ABOUT THIS EXERCISE:
Your answer should be the lines below from the one with "Section two, where" to the one with "The bulk response", both included, given again exactly and with nothing added.

MATERIAL PROVIDED:
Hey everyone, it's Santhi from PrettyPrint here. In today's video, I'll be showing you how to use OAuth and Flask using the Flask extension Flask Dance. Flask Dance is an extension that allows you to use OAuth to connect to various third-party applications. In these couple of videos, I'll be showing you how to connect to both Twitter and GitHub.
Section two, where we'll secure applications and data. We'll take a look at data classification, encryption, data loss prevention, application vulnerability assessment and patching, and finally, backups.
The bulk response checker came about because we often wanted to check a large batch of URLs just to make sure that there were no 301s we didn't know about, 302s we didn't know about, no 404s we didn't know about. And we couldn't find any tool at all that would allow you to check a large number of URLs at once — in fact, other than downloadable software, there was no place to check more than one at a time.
...
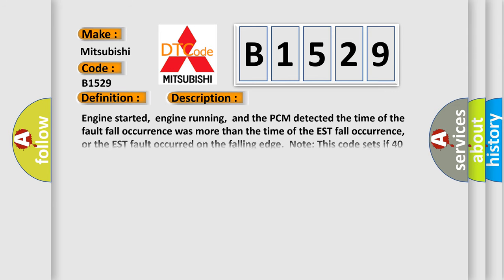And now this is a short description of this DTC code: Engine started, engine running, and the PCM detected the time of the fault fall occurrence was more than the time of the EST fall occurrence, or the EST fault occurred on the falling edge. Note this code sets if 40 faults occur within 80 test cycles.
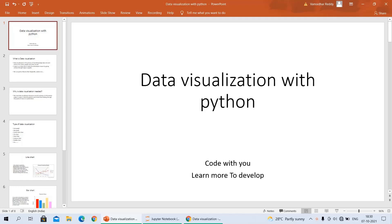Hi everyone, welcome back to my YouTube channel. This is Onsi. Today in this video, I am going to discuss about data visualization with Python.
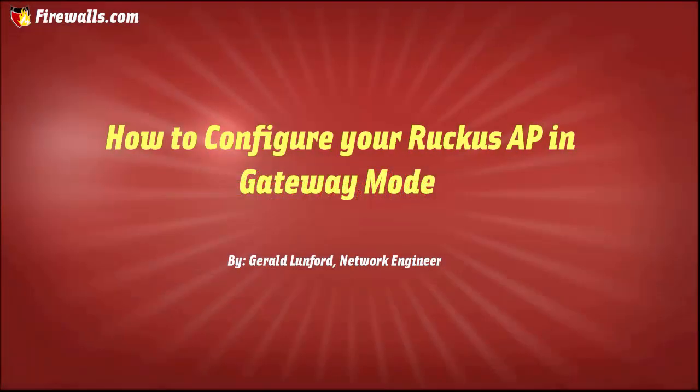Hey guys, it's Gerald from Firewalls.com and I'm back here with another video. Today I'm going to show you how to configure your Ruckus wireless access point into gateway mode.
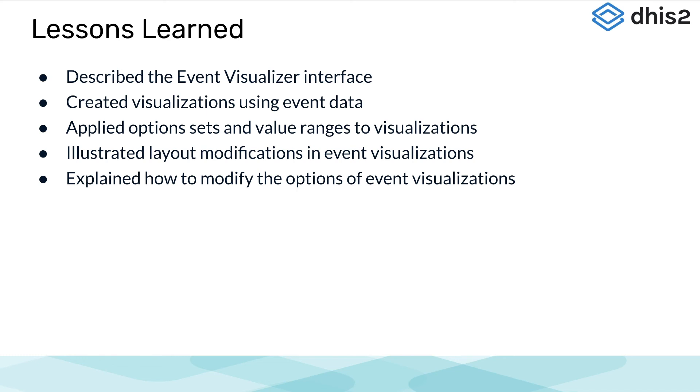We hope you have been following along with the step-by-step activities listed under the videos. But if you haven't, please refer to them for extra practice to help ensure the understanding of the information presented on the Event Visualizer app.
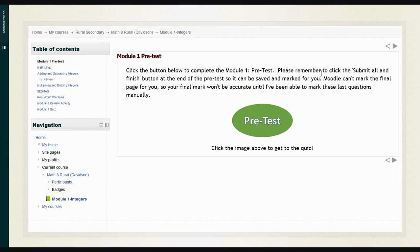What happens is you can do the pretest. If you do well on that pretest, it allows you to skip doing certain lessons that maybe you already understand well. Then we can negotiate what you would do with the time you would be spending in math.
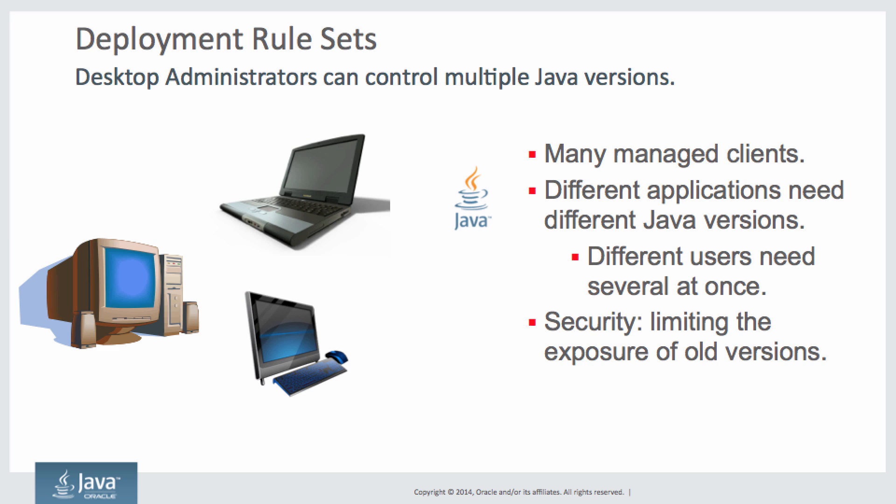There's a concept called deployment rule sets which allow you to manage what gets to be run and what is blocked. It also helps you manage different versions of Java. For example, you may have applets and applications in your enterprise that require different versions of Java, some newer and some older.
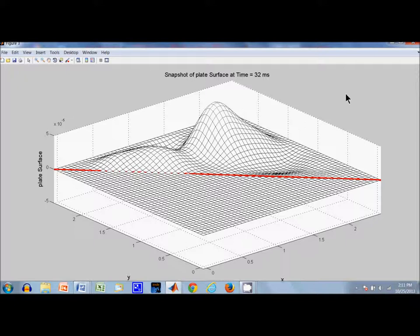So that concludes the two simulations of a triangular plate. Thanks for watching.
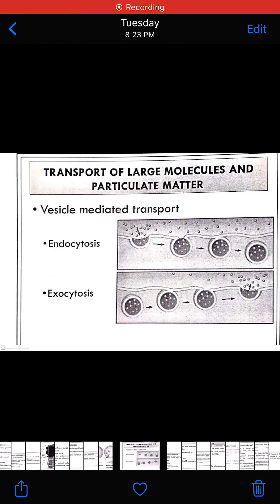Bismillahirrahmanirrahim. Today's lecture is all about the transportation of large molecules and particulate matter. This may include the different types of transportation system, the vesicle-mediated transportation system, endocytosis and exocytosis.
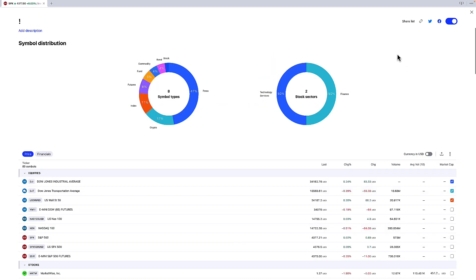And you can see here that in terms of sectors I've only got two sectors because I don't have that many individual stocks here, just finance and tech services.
...
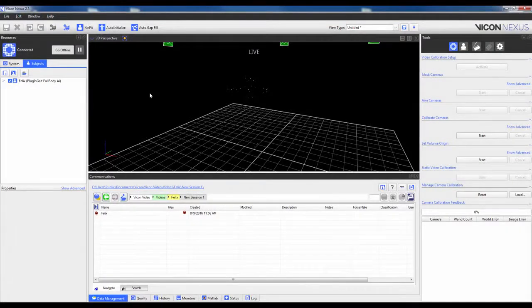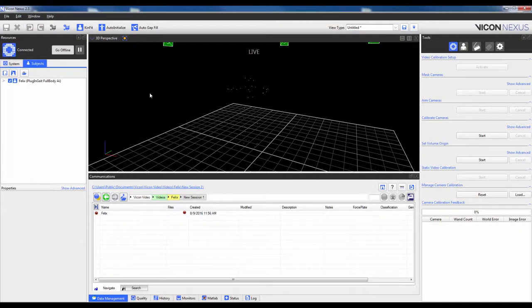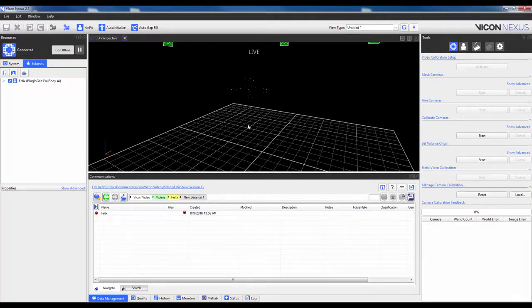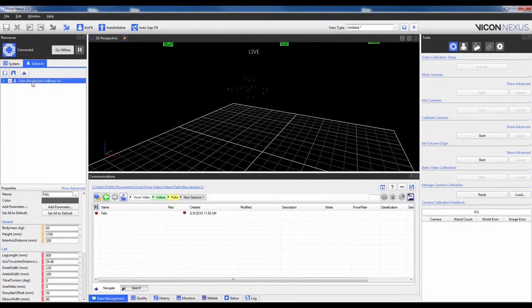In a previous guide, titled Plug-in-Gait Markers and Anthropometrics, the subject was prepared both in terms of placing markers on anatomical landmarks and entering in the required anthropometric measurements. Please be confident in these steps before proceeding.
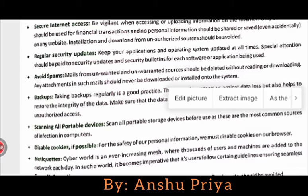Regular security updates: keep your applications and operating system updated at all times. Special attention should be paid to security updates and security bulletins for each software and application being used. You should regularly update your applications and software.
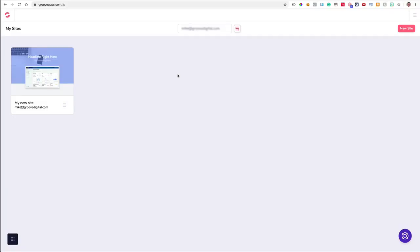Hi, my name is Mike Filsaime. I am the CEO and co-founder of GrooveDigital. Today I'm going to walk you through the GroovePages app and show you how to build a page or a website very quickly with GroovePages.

OUTPUT FOR THIS TASK:
Section two, where we'll secure applications and data. We'll take a look at data classification, encryption, data loss prevention, application vulnerability assessment and patching, and finally, backups.
The bulk response checker came about because we often wanted to check a large batch of URLs just to make sure that there were no 301s we didn't know about, 302s we didn't know about, no 404s we didn't know about. And we couldn't find any tool at all that would allow you to check a large number of URLs at once — in fact, other than downloadable software, there was no place to check more than one at a time.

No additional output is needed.